Nokia’s wireless modem business sold to Renesas for $200 million
Usually, Nokia buys businesses, but today the company announced the opposite: it’s selling its wireless modem business to Renesas Electronics, a Japanese semiconductor manufacturer formed in April this year after the merger of Renesas Technology and NEC Electronics.
The deal is part of an alliance between Nokia and Renesas – they’re “forming a strategic business alliance to develop modem technologies for HSPA+/LTE (Evolved High-Speed Packet Access / Long-Term Evolution) and its evolution.”
Subject to regulatory approvals, the acquisition of Nokia’s wireless modem business by Renesas should be completed in Q4 2010 and it will cost the Japanese company about $200 million. 1,100 Nokia R&D professionals (from Finland, India, the UK and Denmark) will be transferred to Renesas, as well as certain Nokia patents related to LTE, HSPA and GSM standards.

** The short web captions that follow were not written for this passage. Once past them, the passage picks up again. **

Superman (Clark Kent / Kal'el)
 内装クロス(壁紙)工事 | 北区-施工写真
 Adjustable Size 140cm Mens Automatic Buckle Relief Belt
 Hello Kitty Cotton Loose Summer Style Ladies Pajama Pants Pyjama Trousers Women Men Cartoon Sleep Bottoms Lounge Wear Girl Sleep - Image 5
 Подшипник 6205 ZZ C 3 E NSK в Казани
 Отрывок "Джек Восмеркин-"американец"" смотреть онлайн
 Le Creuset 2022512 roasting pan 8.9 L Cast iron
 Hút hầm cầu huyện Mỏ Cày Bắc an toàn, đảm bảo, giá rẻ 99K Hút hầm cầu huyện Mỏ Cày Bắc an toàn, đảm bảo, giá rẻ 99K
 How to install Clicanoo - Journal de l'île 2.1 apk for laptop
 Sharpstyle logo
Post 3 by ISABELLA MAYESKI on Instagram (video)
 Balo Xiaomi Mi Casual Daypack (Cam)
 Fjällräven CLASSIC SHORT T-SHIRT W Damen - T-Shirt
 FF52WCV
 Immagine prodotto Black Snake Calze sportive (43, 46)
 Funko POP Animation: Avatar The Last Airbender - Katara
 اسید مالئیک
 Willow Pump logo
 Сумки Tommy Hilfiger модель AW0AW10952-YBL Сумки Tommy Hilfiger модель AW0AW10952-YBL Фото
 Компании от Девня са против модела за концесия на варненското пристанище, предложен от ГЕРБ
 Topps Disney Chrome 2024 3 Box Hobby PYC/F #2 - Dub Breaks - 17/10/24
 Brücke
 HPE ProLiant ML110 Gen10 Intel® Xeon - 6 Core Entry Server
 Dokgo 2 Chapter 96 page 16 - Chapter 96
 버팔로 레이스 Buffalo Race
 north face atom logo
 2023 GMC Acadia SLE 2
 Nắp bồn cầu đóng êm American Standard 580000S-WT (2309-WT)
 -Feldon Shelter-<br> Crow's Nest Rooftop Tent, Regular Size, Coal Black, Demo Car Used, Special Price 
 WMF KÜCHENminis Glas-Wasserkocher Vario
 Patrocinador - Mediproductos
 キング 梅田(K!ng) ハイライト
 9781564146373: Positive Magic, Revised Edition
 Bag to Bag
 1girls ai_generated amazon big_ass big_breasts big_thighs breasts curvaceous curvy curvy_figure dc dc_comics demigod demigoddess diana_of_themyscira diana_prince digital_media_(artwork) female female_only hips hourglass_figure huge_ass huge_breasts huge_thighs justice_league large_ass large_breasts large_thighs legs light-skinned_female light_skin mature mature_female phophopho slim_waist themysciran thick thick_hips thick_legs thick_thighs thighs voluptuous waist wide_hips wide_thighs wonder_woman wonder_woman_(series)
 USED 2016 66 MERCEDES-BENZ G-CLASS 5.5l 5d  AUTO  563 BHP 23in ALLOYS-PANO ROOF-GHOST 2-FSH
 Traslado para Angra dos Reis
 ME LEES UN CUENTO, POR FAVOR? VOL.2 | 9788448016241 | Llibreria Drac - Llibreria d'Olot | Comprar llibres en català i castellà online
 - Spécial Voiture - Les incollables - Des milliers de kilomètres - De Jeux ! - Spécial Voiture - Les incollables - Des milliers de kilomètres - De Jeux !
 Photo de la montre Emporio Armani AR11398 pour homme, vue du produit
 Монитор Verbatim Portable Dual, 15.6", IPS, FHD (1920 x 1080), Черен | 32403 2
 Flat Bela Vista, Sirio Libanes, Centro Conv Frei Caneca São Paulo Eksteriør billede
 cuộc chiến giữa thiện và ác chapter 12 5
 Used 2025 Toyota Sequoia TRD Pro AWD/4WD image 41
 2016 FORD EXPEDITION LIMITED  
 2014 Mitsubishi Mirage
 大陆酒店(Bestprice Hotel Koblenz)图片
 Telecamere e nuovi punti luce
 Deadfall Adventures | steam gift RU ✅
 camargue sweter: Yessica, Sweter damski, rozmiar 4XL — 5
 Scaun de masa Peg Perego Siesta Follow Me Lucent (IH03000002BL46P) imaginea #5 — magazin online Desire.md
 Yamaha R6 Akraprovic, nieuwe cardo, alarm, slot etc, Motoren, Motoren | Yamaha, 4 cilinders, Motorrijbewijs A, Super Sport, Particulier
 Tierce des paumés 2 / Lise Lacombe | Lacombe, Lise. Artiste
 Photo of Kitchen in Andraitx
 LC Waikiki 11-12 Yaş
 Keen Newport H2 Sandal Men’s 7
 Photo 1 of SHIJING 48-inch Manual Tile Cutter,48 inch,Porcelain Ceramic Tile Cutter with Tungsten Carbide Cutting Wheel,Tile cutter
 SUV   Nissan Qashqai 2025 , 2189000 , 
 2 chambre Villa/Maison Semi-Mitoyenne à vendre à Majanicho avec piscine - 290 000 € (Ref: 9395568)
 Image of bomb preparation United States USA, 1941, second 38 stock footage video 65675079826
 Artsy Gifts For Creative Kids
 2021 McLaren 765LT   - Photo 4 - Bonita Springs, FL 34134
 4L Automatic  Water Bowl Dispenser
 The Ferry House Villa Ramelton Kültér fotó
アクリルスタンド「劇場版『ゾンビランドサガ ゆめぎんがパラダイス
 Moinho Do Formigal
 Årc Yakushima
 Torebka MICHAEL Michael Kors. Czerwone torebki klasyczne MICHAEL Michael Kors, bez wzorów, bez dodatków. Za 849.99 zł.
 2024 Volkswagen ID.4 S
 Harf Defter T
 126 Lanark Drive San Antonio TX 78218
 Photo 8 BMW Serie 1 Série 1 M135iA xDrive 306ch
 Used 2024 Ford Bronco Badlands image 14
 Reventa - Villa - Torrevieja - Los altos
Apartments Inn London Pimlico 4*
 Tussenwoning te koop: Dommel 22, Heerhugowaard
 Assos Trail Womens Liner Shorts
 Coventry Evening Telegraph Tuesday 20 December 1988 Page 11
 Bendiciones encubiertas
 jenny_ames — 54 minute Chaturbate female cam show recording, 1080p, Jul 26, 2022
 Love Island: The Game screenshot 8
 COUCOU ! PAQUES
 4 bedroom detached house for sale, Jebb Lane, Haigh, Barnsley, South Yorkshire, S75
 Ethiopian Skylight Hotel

According to Nokia’s Kai Oistamo, the alliance with Renesas enables the company “to continue to focus on its own core businesses, connecting people to what matters to them with our mobile products and solutions.”
Since it’s selling an important part of its hardware business, Nokia will probably want to concentrate more on the software side. And it really should, since Symbian is slowly falling into disgrace, at least when it comes to high-end devices – hopefully, MeeGo will be a platform that can better fight with iPhone OS and Android.